System links village's services
System links village's services
Buffalo Grove, Ill., connects databases, sharing departmental information
By Merry Mayer
Special to GCN
Firefighters in Buffalo Grove, Ill., can get blueprints of a burning building, locate hazardous materials and check for previous fire violations before they reach the scene'all from notebook PCs.
But it's not just a matter of putting a notebook in a fire truck. The village put all its departments on the same communications system. That allows police, fire, building and other departments to easily share information.
Linking village government databases lets Buffalo Grove., Ill., officials share information in a more efficient manner.
Buffalo Grove officials decided to scrap all its computers in 1995 after a report identified redundant databases and islands of automation with no data sharing between departments.
They hired Robert Giddens as director of management and information systems to roll out all-new technology.
The village spent roughly $750,000 in 1995 and about $400,000 every year since on the system, Giddens said.
The centerpiece of the system is Lotus Notes. 'Village employees spend about 80 percent of their computer time within Lotus Notes,' Giddens said.
Lotus Notes is a standard platform for
e-mail. But for Buffalo Grove it grew beyond e-mail to knowledge management, Giddens said.
Firefighters on the way to a fire can get maps, locations of electrical and alarm panels in the building, and building layouts. This information had been stored in two three-inch thick three-ring binders, deputy fire chief Tim Sashko said.
But firefighters, paramedics and other personnel still have to query the computer to get this information. The next step is to link the data so it immediately gets transmitted to the screen when the computer-aided dispatcher enters the address.

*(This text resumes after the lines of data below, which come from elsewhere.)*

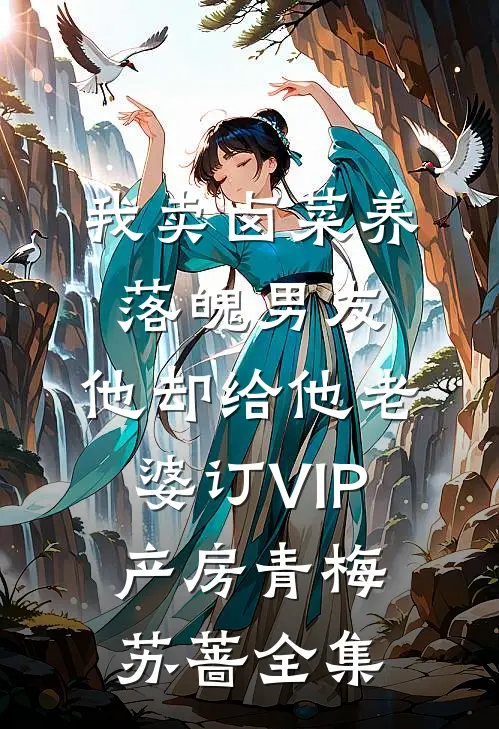 我卖卤菜养落魄男友，他却给他老婆订VIP产房青梅苏蔷全集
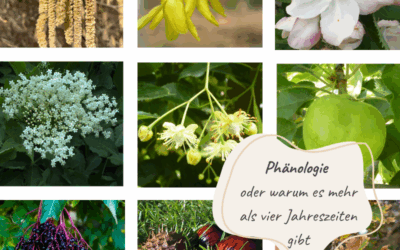 Phänologie – oder warum es mehr als vier Jahreszeiten gibt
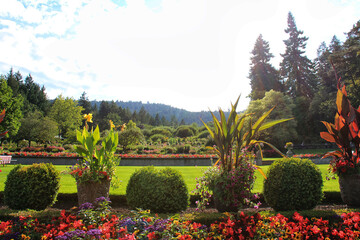 British Columbia Canada Vancouver Island Butchart Gardens flower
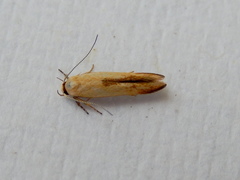 Stathmopoda liporrhoa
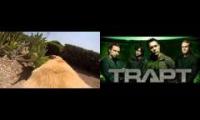 run walter run trapt headstrong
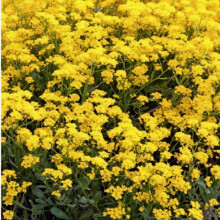 Alyssum Saxatile Seeds – Also known as Basket-of-Gold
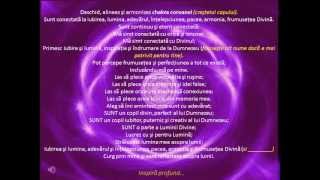 Meditatie deschiderea alineerea si echilibrarea chakrelor  12 [upl. by Adnak]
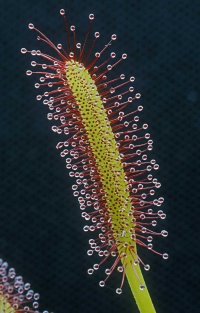 茅膏菜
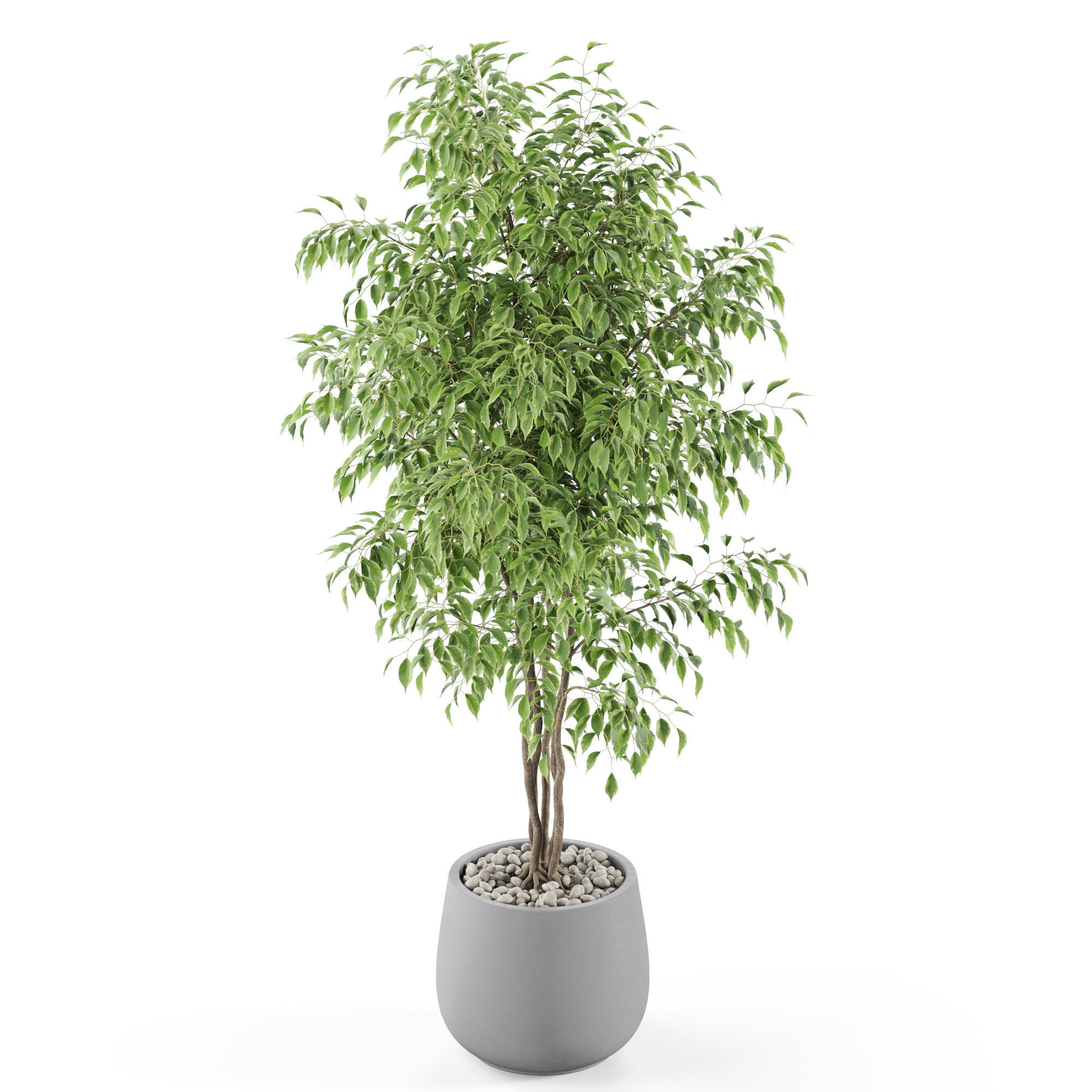 Plants collection 975 3D model_3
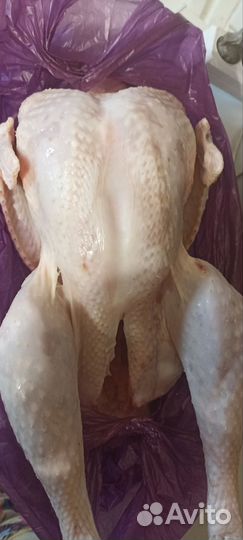 Мясо домашней индейки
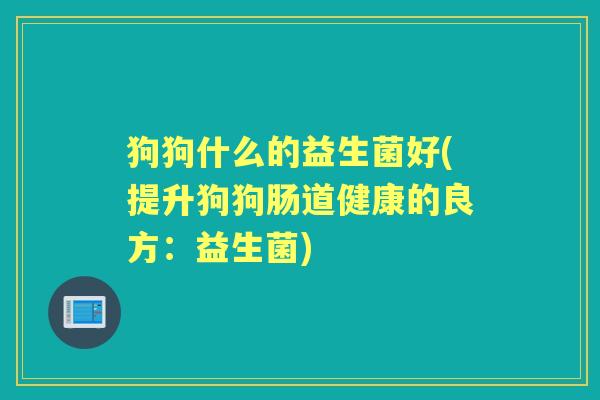 狗狗什么的益生菌好(提升狗狗肠道健康的良方：益生菌)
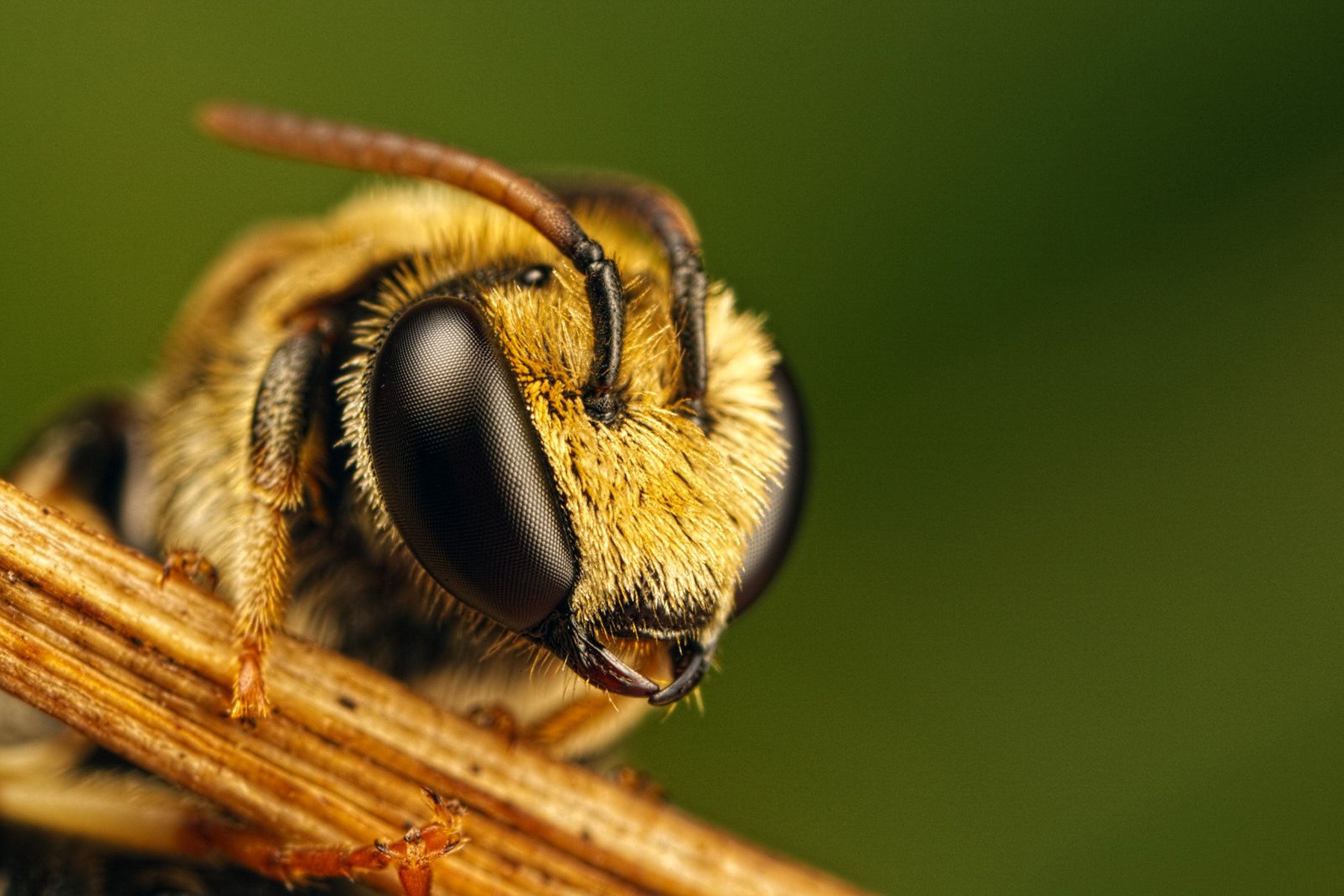 gymnast bee eye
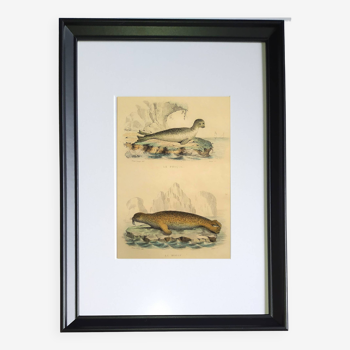 Original zoological plate "Seal & Walrus" - Buffon 1840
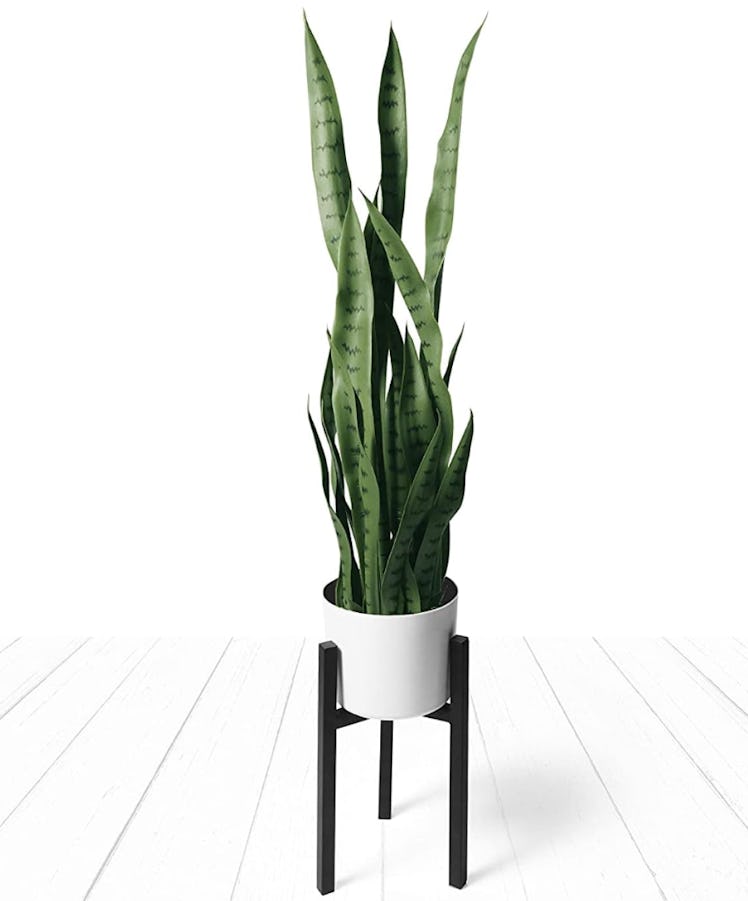 flybold 16-Inch Faux Snake Plant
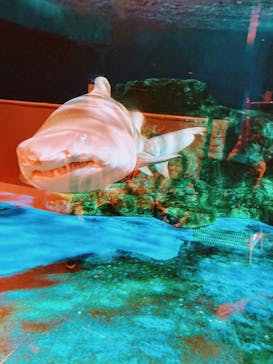 しながわ水族館に投稿された画像（2021/11/7）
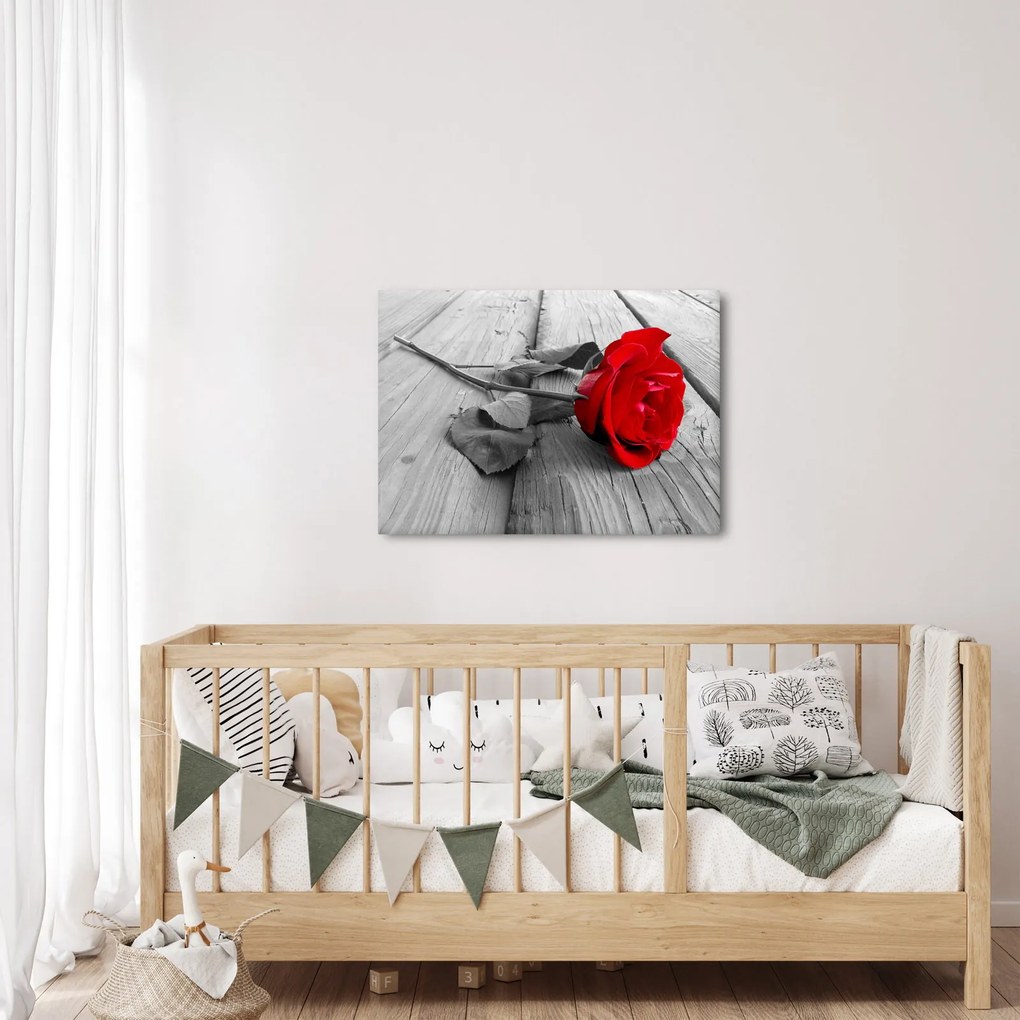 Egy vörös rózsa képe (70x50 cm)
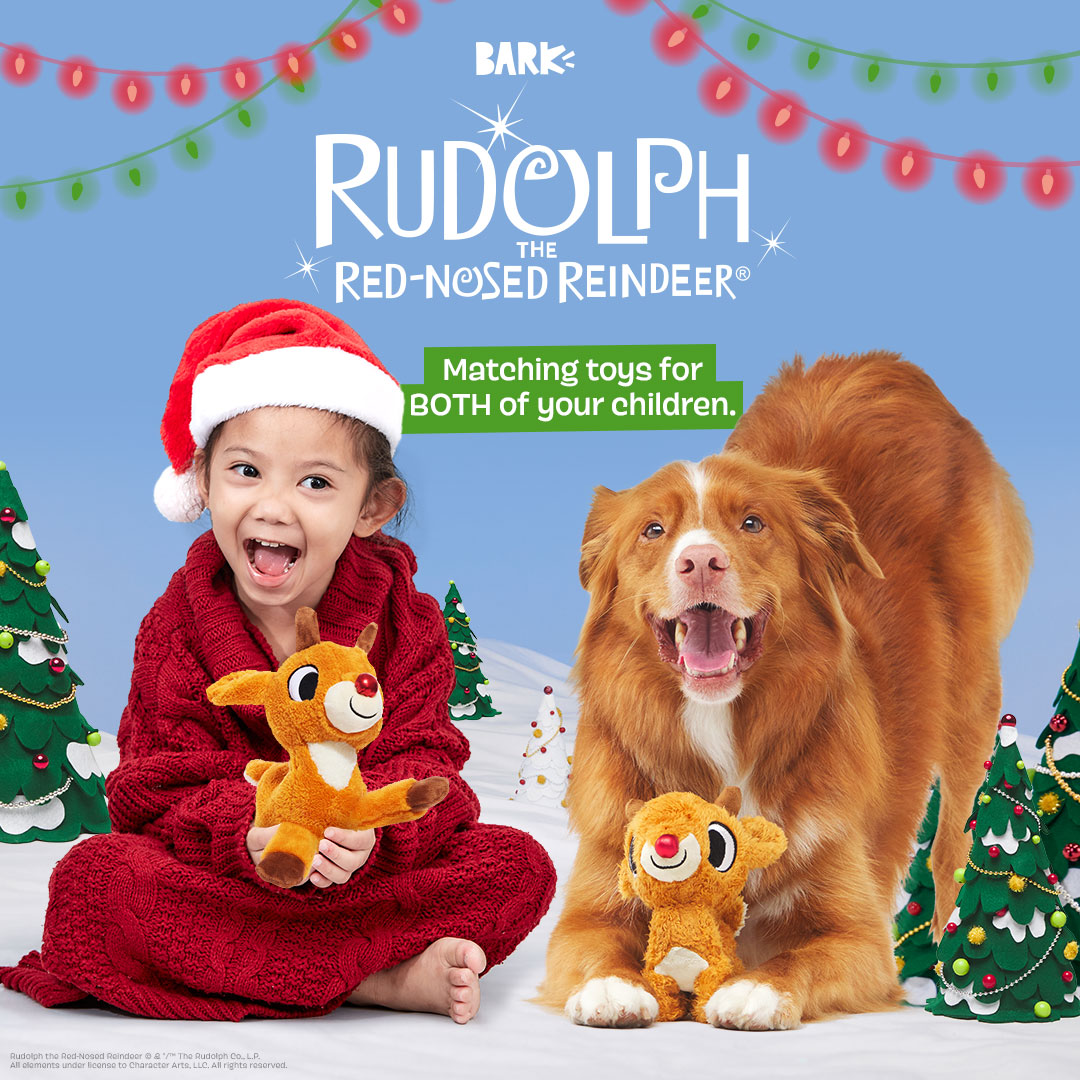 Runnin' Rudolph® Plush Multi-Part Kid + Dog Toy Bundle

That capability should be in place later this year or early next year, Sashko said.
'We already have the technology to do this, we just need the time to develop it,' Sashko said.
Linking village government databases also ensures that other departments have immediate access to the latest information. For example, the fire department inspects buildings annually and establishes an emergency contact person. Once entered, this information is immediately available to the police.
'It has reduced the response time to get hold of the owner by hours,' Giddens said. 'During a recent burglary, the police department was able to contact the business owners within 10 minutes of notification of the problem at 2 in the morning,' he said.
To keep things as simple as possible, users update the system's data themselves. 'It's the workgroup concept at its finest,' Giddens said.
The new system not only increases efficiencies, but also lets the village do things it couldn't before. 'There is a crime opportunity database utilized by the police where they maintain a listing of suspicious activities,' Giddens said.
With village fire trucks and ambulances already equipped with notebooks, the next step is to get police squad cars online. Buffalo Grove is running a pilot to put notebooks in police cars. Police officers would be able to write reports from cars, giving them more time on the streets, Giddens said.On the run
The system runs on nine 333-MHz Hewlett-Packard P2 NetServers with 256M of RAM each and hard drives of 8G to 18G. The servers run either Novell NetWare or Microsoft Windows NT 4.0.
In addition, a Hewlett-Packard 9000 server, running HP-UX, handles Buffalo Grove's core financial applications.
There are 180 PCs for the village's 250 employees. They use at least 233-MHz Pentiums with 32M of RAM. The PCs run Windows 95, and application software includes Microsoft Office and Lotus Notes.
For now the system is linked using Hewlett-Packard Procurve Hubs and ACC Amazon routers from Network Systems Integration of Simi Valley, Calif.
Five of the servers, in municipal buildings, are connected via fiber optics. The other four servers are at remote sites and are connected using the TCI Cable Co.'s institutional network or coaxial institutional network.
But the village plans to go wireless in three to four months, Giddens said.
To help in that effort, Illinois recently approved a grant of $80,000 for Buffalo Grove.
'The state was impressed enough by what we were doing to help us go wireless,' Giddens said.
It will use the newer technology, sending voice, video and data over IP networks at speeds of 12 million instructions per second. The village is already updating its municipal area network to connect the system, Giddens said.
Security isn't much of a concern because the notebooks will be used only to compose, with data saved only to the central database, Giddens said. 'If the laptop is dropped a minute after the report is sent, all I do is issue a new laptop,' he said.